Tonight, Vice President Cheney will appear on CNN’s Larry King Live and reportedly condemn a recent Amnesty International report that faults the U.S. for its treatment of detainees in the war on terror. Cheney has said:
For Amnesty International to suggest that somehow the United States is a violator of human rights, I frankly just don’t take them seriously.
Other Administration officials have similarly been quick to lash out against the Amnesty report. White House Press Secretary Scott McClellan said the allegations were “ridiculous and unsupported by the facts.” Chairman of the Joint Chiefs Gen. Richard Myers called the Amnesty International report “absolutely irresponsible.”
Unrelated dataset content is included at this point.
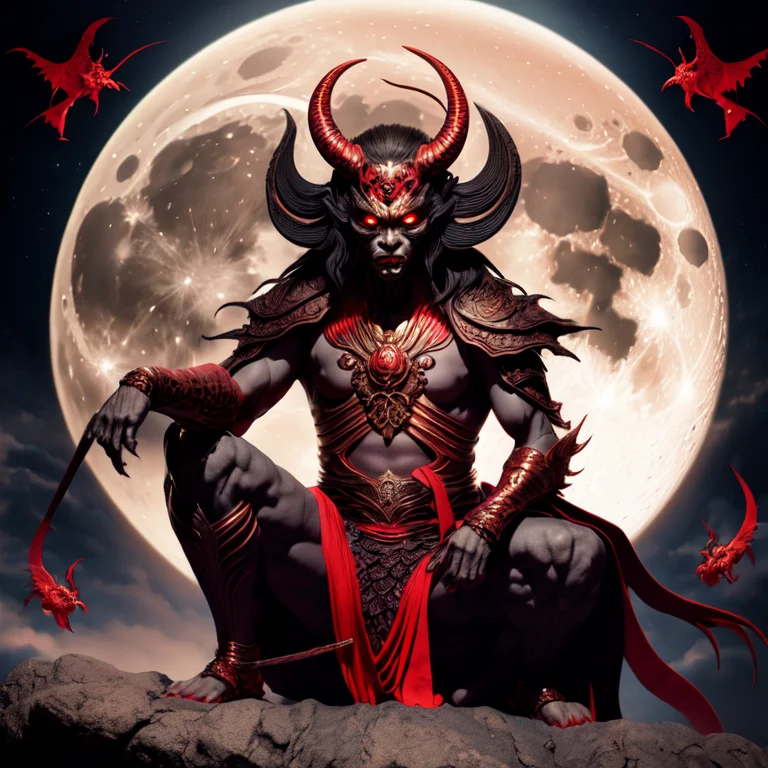 photo, illustration of a demon sitting in front of a full moon (FantasyDaimyo style:1) <lora:djzFantasyDaimyoV21:0.8>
But in the past, when it was convenient to the Administration, they did not hesitate to cite Amnesty to make its case. And nowhere did the Administration need more help than in selling the Iraq war. Secretary Rumsfeld repeatedly turned to Amnesty to highlight the repressive nature of Saddam’s regime. On March 27, 2003, Rumsfeld said:
We know that it’s a repressive regime…Anyone who has read Amnesty International or any of the human rights organizations about how the regime of Saddam Hussein treats his people…
The next day, Rumsfeld even cited his “careful reading” of Amnesty:
…[I]t seems to me a careful reading of Amnesty International or the record of Saddam Hussein, having used chemical weapons on his own people as well as his neighbors, and the viciousness of that regime, which is well known and documented by human rights organizations, ought not to be surprised.
And on April 1, 2003, Rumsfeld said once again:
[I]f you read the various human rights groups and Amnesty International’s description of what they know has gone on, it’s not a happy picture.
So the rule here appears to be: Amnesty is a legitimate source for human rights violations of other countries, but is an unreliable and irresponsible source for reporting on the U.S.